My Coloniser Says I'm Not Welcomed (2025)

Acrylic, pigment marker, tobacco and encaustic on canvas

105×105cm

'When I was a young student in Hong Kong I was always told that the red in China’s flag and ours signifies the blood of the people, meaning that the success of a nation cannot exist without the sweats and hours contributed by everyone. Growing up, realizing this is not far from the truth, but rather a total discourse from the true narrative.'

My Colonisers Says I’m Not Welcomed (2025) is an intertextual mixed media painted sculpture/ sculpted painting that draws connection between iconoclastic symbolisms, colonial history and the artist’s background. With hundreds of acrylic sculpted poppies resembling the St.George’s flag, the piece pays attention to the irony between icons’ traditional symbolisms and contemporary interpretations in social contexts and gallery spaces.

Poppies were used as a symbol of peace, of Remembrance Day; but it was always a flower that bloomed over the blood the dead soldiers, the crop that provided opium, a drug along with tobacco that caused The Opium War, the direct reason why Hong Kong became a colony to the British Empire for 99 years.

England’s flag, or the St. Georges Flag, symbolism of sacrifice and courage of the country’s patron saint who allegedly slain a dragon.

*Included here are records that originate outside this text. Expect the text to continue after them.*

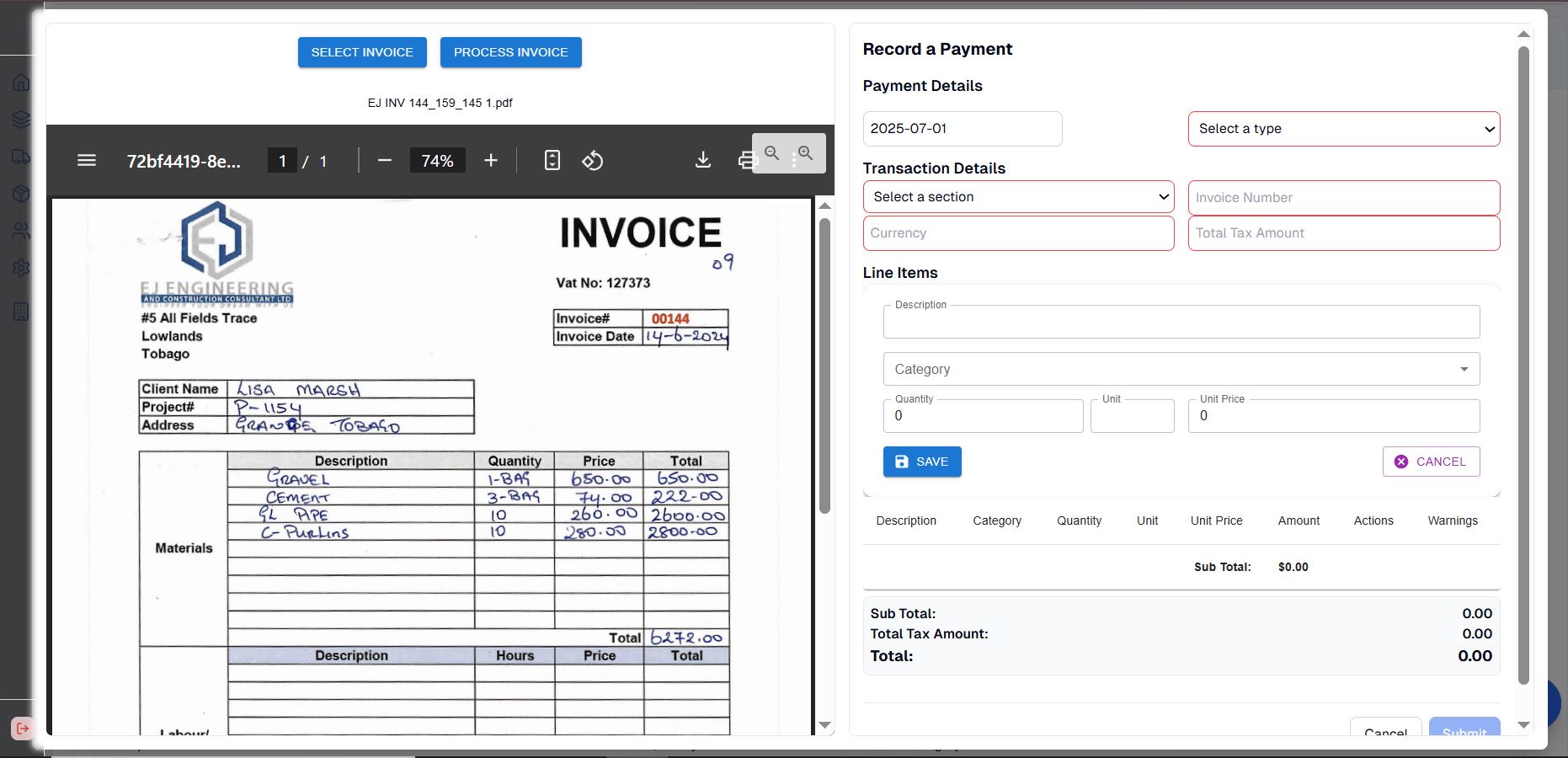 Invoice Intelligence Interface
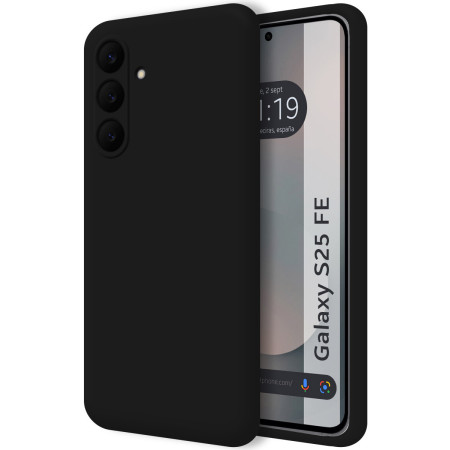 Funda Silicona Líquida Ultra Suave para Samsung Galaxy S25 FE 5G color Negra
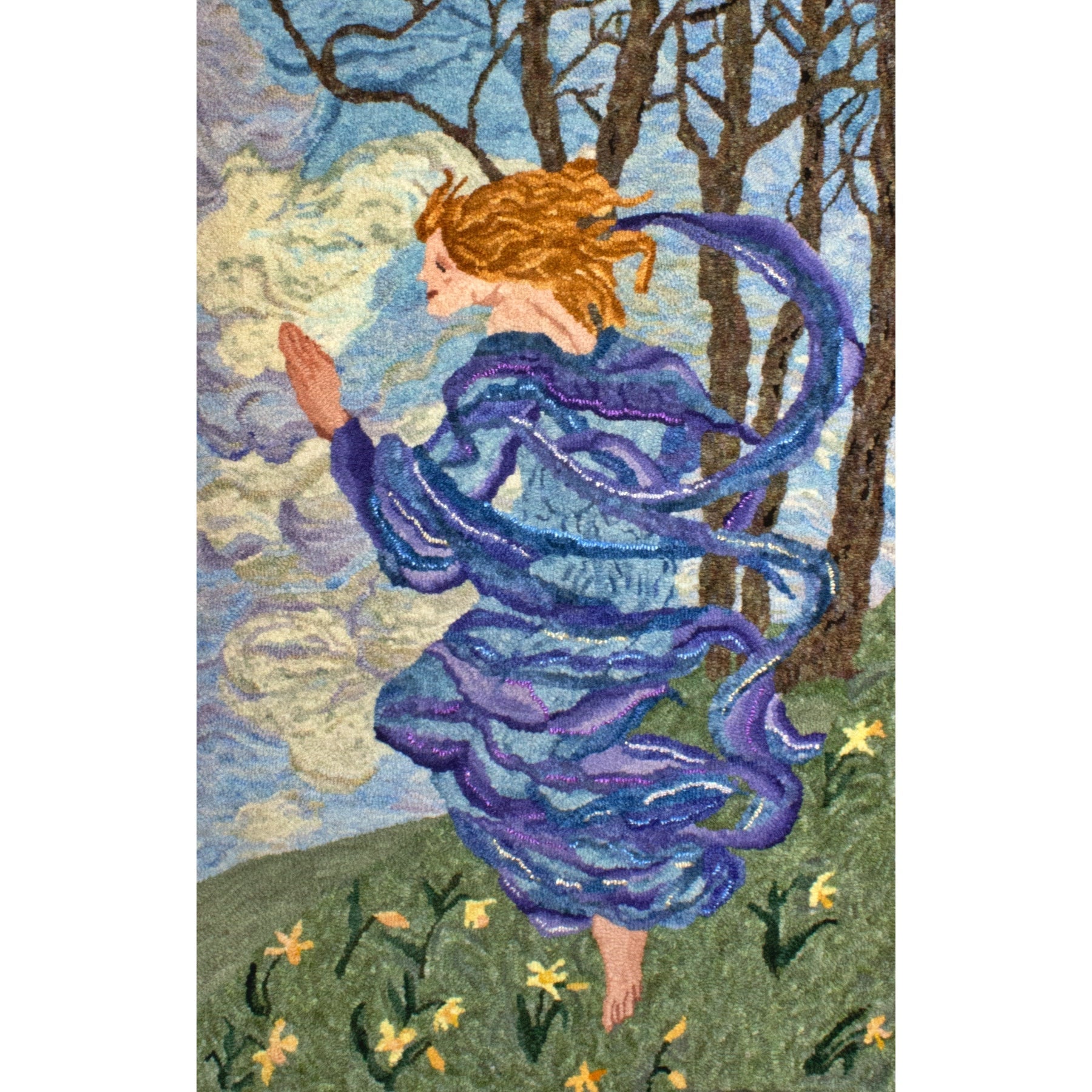 The Wind, ill. Emma Florence Harrison, 1914, rug hooked by Christine Wardrop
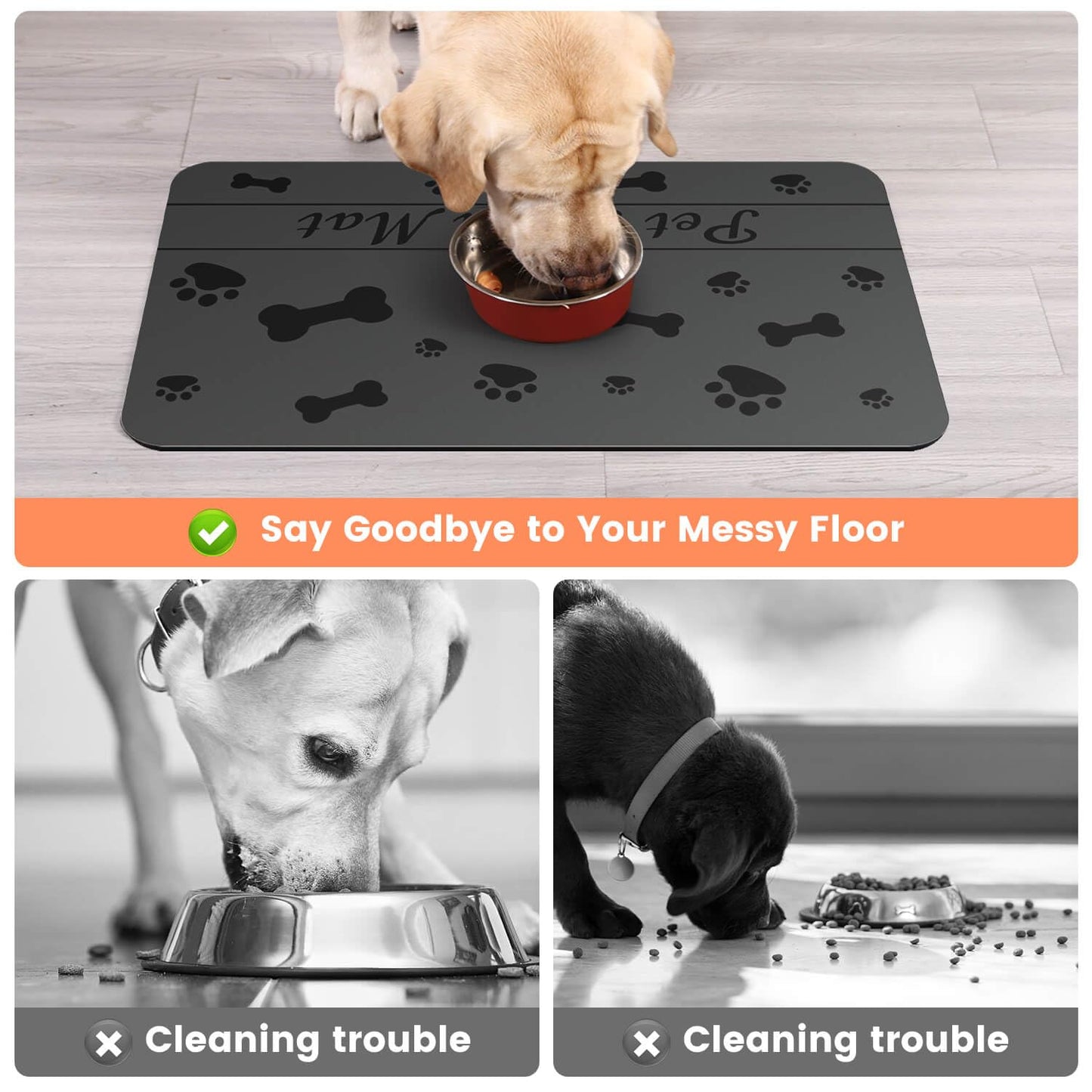 Pet Feeding Mat-Absorbent Pet Placemat for Food and Water Bowl, with Waterproof Rubber Backing, Quick Dry Water Dispenser Mat for Dog and Cat (20"x12", Striped Dark Gray)
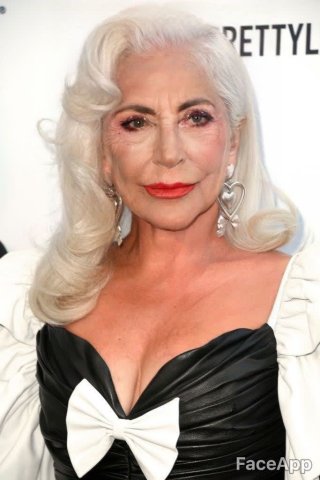 So sieht die Sängerin und Schauspielerin Lady Gaga mit dem Alterungsfilter der FaceApp aus.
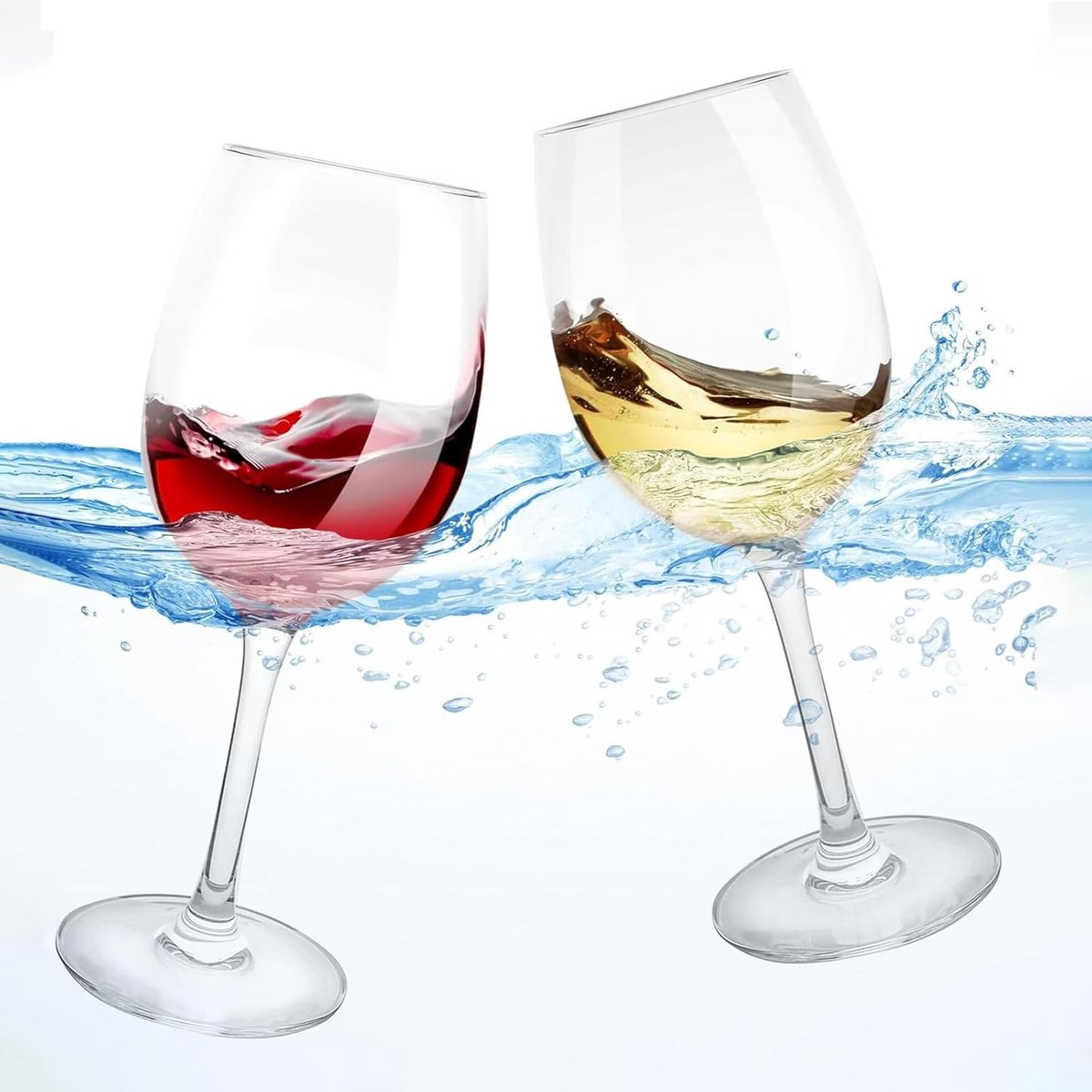 SnelShoppen - Zwevende Wijnglazen Set van 2 - Onbreekbaar Tritan - 360 ml - Perfect voor Zwembad, Whirlpool, Picknick, Feest - Kunststof Champagneglaz
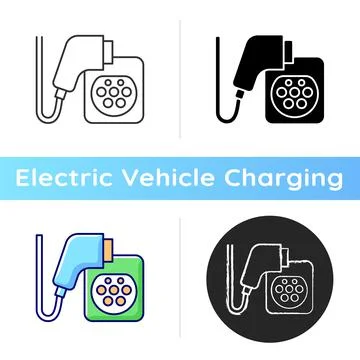 EV charging connectors icon Illustrazione stock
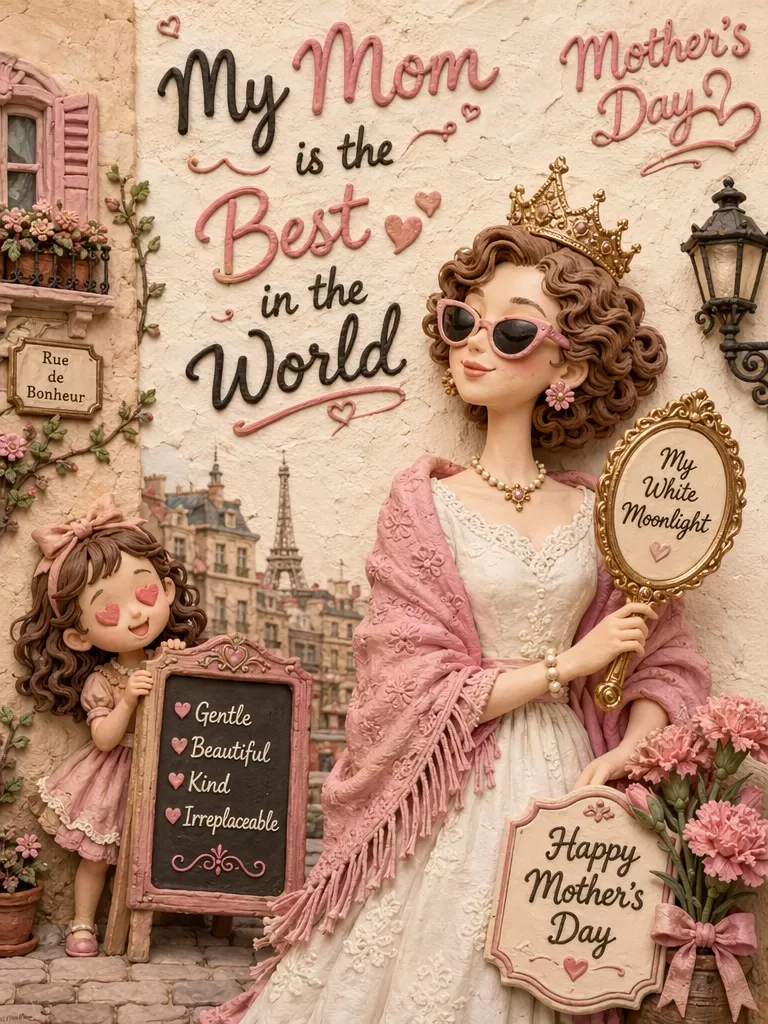 Vintage Clay Style Mother Magic AI Görseli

In 2025, far-right population arose and use their national pride as a symbol of hate towards immigrants and people of colour.

We can go everywhere, but no one can come in.

Text excerpts from Samuel Wells Williams’s The Middle Kingdom: a survey of the geography, government, literature, social life, arts, and history of the Chinese empire and its inhabitants, the Treaty of Nanking, list of British colonies, protectorates, mandates, dominions, occupational zones, and over-sea territories.